2010-09-17 18:57:06 | 米軍・自衛隊・基地問題
 仲井真弘多知事が15日に開かれた後援会主催の激励会で、2期目を目ざして県知事選挙に立候補することを表明した。
 沖縄県知事選挙ではこれまで稲嶺恵一前知事、仲井真現知事と二代続けて経済界から立候補者が出て当選している。自公連立政権のもとで辺野古新基地建設を実現するため、政府と沖縄の自民党・公明党、経済界が一体となり、政府との「太いパイプ」を強調して振興策を前面に出し、当選させていくという構図があった。そこには、新基地建設と振興策をリンクさせた「アメとムチ」の手法を実行するために、経済界から知事候補を出した方が有利にはたらく、という思惑が見えた。
 しかし、昨年の政権交替によって自公政権は終わりをつげた。民主党政権が誕生して初めて迎える今回の県知事選挙は、仲井真知事にとって前回とは全く違う状況での立候補となる。仲井真知事を推している自民党・公明党は国政では野党であり、もはや政府との「太いパイプ」を売り物にすることはできない。
 基地問題に関しても、仲井真知事は自公政権下での主張(ホンネ)と県民世論とのはざまで揺れ続けている。普天間基地の「県外・国外移設」を主張していた鳩山首相が公約を投げ捨てて辞任し、現在の菅政権は「日米共同声明」に基づき辺野古への新基地建設を進めようとしている。本来なら、自公政権下で進められていた計画に回帰したことで、仲井真知事のホンネと菅政権のホンネは一致しているはずであり、「微修正」して手を打ちたいところだろう。しかし、県民世論がそれを許さない。

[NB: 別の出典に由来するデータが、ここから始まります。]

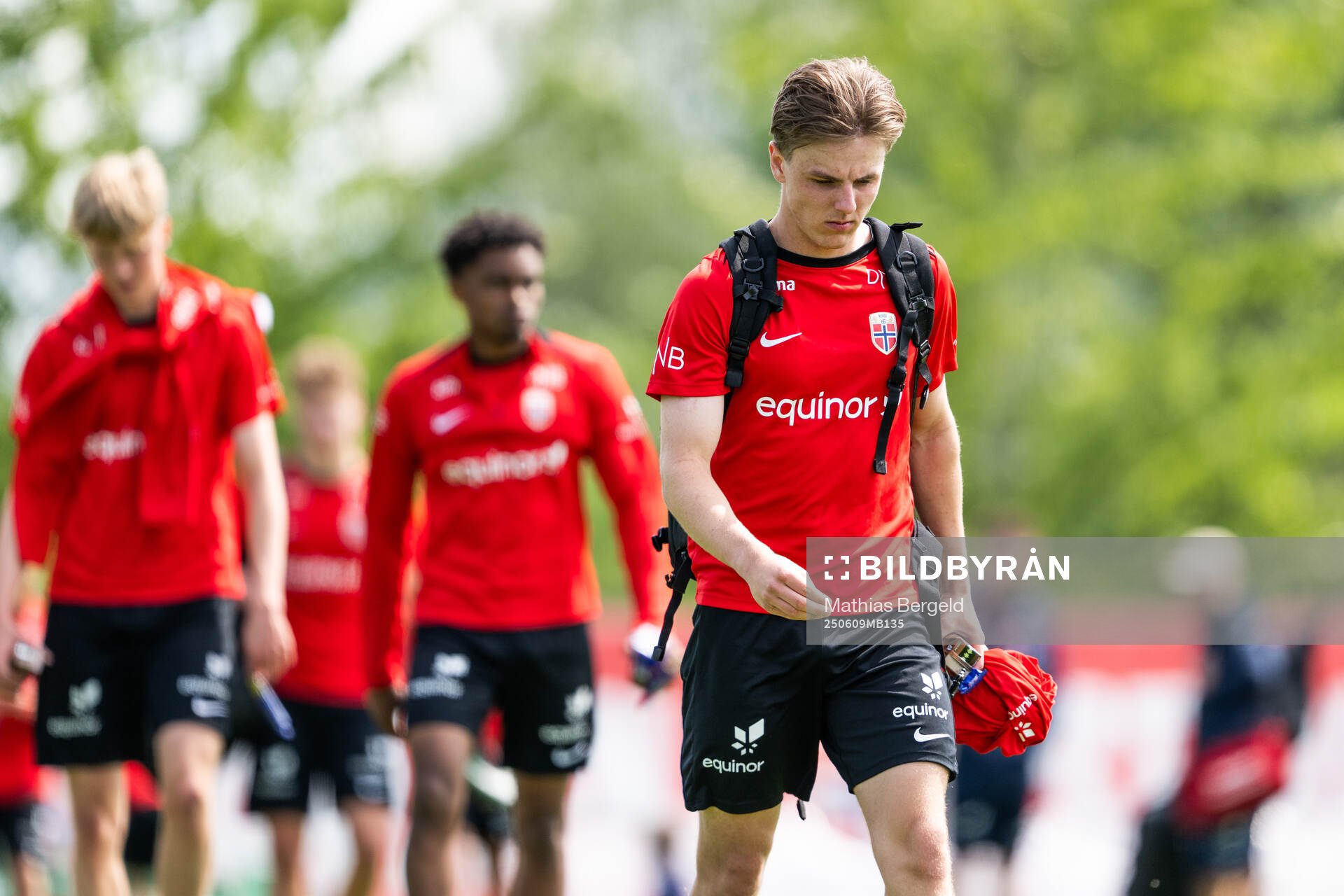 Julian Gonstad of the Norwegian under-19 national football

 仲井真知事の周辺では、「県外・国外移設」を明確にしなければ選挙に勝てない、という声もあるようだが、そこまで踏み込むのか、あるいは「日米共同声明」の見直し要求にとどめるのか、別の方針を立てるのか、仲井真知事はまだまだ揺れ続けるだろう。しかし、それはしょせん選挙に向けてタテマエとホンネを使い分けようとするがゆえに生まれる”揺れ”でしかない。仮に仲井真知事が知事選の方針として「県外・国外移設」にまで踏み込んだところで、選挙向けのタテマエでしかないのは見え透いている。

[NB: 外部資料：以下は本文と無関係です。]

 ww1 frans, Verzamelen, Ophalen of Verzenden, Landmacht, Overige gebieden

 政権交替が行われてからすでに1年余が経っているのだ。仲井真知事が「県外・国外移設」に方針転換するのなら、少なくとも4.25県民大会か5月4日に鳩山首相が来沖し公約を投げ捨てる前に転換して、政府と交渉すべきだった。しかし、仲井真知事は自らの意思を曖昧にし続け、「移設」は難しくなった、不可能に近い、などと客観的に状況認識を語るだけだった。県議会やメディアの質問に対し、いかにも官僚出身らしく言質を取らせないようのらりくらりとかわし、県民世論と乖離した自らのホンネを隠して、その場しのぎを重ねてきた。そこには県民世論を真摯に受け止めて政府に積極的にはたらきかけ、自ら状況を打破しようという県知事としてのリーダーシップは微塵もなかった。

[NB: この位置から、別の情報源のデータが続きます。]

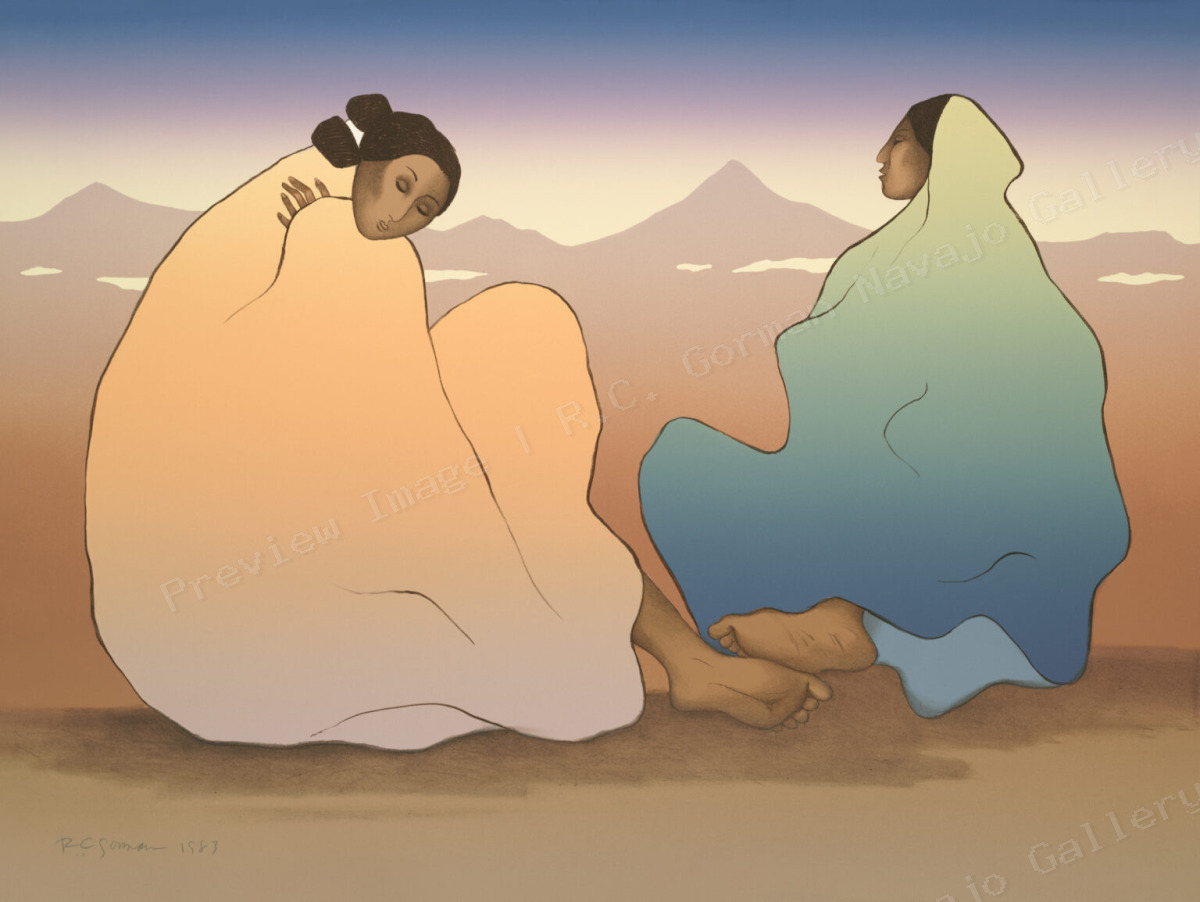 Painted Desert Women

 9月12日に行われた名護市議会議員選挙で、仲井真知事は島袋前市長の陣営を応援した。これまで仲井真知事と島袋前市長は、辺野古新基地建設計画の「微修正」=沖合移動という主張で一致した行動をとってきた。それが埋め立て面積を拡大させることで一部地元企業への便宜を図る、という思惑のもとになされてきたことは、すでに広く知られている。名護市議選で見られた仲井真知事の行動は、島袋前市長らとともに基地利権、埋め立て利権を追求してきた知事のホンネが、今も変わらないことを示すものだ。
 これまでの1年間のらりくらりと自らの意思を曖昧にしてきて、県知事選挙が間近に迫ってから仮に「県外・国外移設」を掲げたところで、選挙に勝つためのタテマエでしかないのは明らかだ。仲井真知事のホンネがどこにあるかを見抜いているからこそ、菅政権は仲井真知事の再選に一縷の望みを託しているのである。
 今日行われた内閣改造によって菅首相のもと岡田幹事長、前原外相、北沢防衛相という体制となった。沖縄から見れば、まさに「日米共同声明」を強行するための布陣である。これから県知事選挙に向けて日本政府は様々な工作を仕掛けてくるだろう。それをはねのけて本気で辺野古新基地建設を阻止しようという人を知事に選びたい。